Dataset entries:
++++

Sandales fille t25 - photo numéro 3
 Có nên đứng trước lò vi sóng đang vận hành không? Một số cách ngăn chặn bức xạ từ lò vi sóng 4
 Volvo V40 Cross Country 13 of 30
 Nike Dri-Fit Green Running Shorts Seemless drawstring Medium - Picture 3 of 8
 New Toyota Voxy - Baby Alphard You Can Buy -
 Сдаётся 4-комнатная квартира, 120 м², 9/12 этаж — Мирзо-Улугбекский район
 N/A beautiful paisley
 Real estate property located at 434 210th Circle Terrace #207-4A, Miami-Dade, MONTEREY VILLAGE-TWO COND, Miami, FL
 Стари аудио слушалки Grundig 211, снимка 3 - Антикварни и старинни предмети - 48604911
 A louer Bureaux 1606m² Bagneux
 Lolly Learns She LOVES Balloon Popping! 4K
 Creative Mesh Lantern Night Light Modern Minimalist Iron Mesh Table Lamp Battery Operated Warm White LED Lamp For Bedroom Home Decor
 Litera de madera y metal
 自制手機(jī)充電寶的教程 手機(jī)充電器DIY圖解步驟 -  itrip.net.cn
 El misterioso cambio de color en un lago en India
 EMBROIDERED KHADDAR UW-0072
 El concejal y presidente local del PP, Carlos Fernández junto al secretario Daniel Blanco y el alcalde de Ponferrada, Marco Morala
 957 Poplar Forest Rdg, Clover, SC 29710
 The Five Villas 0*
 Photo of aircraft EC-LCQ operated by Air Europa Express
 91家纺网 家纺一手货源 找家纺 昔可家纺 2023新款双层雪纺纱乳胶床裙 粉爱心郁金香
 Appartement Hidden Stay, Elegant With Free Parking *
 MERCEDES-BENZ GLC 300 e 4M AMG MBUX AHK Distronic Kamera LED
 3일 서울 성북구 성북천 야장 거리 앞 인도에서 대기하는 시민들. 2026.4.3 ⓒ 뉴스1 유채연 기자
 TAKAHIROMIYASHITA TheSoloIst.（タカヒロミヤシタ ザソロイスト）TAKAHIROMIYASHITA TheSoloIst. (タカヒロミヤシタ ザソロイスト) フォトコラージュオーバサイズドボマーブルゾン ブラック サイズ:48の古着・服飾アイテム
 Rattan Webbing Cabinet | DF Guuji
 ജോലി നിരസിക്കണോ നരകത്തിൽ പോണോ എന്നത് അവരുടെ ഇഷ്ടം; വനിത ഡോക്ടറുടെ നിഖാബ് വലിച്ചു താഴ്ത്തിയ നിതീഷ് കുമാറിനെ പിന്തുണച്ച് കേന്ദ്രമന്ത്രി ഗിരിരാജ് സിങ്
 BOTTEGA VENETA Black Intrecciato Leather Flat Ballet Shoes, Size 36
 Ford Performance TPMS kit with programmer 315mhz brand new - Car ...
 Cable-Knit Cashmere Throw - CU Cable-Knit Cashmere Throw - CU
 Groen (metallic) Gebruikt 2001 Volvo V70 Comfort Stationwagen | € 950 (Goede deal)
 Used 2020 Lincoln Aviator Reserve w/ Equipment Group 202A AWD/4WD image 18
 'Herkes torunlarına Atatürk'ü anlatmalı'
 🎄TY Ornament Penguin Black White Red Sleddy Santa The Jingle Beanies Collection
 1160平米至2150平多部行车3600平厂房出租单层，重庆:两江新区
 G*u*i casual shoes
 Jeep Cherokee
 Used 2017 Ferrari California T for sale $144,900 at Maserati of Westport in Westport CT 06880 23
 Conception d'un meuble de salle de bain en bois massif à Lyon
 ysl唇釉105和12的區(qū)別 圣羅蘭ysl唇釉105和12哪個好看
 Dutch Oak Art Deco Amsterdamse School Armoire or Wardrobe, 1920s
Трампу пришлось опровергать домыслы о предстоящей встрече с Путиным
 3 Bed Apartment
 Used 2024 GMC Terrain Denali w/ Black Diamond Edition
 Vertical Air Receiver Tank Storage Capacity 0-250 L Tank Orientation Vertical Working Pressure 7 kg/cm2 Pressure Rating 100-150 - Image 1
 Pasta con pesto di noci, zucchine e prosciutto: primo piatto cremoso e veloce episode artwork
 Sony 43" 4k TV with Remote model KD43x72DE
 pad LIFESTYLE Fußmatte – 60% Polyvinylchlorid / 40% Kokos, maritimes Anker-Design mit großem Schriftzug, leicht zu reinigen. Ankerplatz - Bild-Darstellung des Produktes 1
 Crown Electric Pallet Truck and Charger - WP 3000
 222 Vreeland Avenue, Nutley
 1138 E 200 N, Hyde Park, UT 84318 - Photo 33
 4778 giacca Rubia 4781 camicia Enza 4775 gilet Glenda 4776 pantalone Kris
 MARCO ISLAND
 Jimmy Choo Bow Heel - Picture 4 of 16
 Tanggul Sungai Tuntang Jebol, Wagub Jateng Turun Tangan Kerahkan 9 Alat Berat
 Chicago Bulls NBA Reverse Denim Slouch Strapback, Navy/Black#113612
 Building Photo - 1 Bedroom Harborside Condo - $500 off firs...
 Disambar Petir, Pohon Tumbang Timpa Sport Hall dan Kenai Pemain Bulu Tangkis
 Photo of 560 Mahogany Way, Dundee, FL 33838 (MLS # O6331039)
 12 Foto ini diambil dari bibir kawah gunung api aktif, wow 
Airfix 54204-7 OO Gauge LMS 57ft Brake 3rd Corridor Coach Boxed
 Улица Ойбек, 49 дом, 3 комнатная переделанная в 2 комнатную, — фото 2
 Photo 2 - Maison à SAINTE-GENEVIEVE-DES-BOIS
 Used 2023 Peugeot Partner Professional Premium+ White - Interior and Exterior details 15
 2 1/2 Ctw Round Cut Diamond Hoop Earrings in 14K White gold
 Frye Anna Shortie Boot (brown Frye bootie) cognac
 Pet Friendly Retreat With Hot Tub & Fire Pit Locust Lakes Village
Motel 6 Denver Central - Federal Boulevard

++++

◆ **ASSIGNMENT**
All that is needed is the exact run of lines above from the line containing "Litera de madera y metal" through the line containing "Ford Performance TPMS", both of them included.

◆ **WRITTEN SOLUTION**
 Litera de madera y metal
 自制手機(jī)充電寶的教程 手機(jī)充電器DIY圖解步驟 -  itrip.net.cn
 El misterioso cambio de color en un lago en India
 EMBROIDERED KHADDAR UW-0072
 El concejal y presidente local del PP, Carlos Fernández junto al secretario Daniel Blanco y el alcalde de Ponferrada, Marco Morala
 957 Poplar Forest Rdg, Clover, SC 29710
 The Five Villas 0*
 Photo of aircraft EC-LCQ operated by Air Europa Express
 91家纺网 家纺一手货源 找家纺 昔可家纺 2023新款双层雪纺纱乳胶床裙 粉爱心郁金香
 Appartement Hidden Stay, Elegant With Free Parking *
 MERCEDES-BENZ GLC 300 e 4M AMG MBUX AHK Distronic Kamera LED
 3일 서울 성북구 성북천 야장 거리 앞 인도에서 대기하는 시민들. 2026.4.3 ⓒ 뉴스1 유채연 기자
 TAKAHIROMIYASHITA TheSoloIst.（タカヒロミヤシタ ザソロイスト）TAKAHIROMIYASHITA TheSoloIst. (タカヒロミヤシタ ザソロイスト) フォトコラージュオーバサイズドボマーブルゾン ブラック サイズ:48の古着・服飾アイテム
 Rattan Webbing Cabinet | DF Guuji
 ജോലി നിരസിക്കണോ നരകത്തിൽ പോണോ എന്നത് അവരുടെ ഇഷ്ടം; വനിത ഡോക്ടറുടെ നിഖാബ് വലിച്ചു താഴ്ത്തിയ നിതീഷ് കുമാറിനെ പിന്തുണച്ച് കേന്ദ്രമന്ത്രി ഗിരിരാജ് സിങ്
 BOTTEGA VENETA Black Intrecciato Leather Flat Ballet Shoes, Size 36
 Ford Performance TPMS kit with programmer 315mhz brand new - Car ...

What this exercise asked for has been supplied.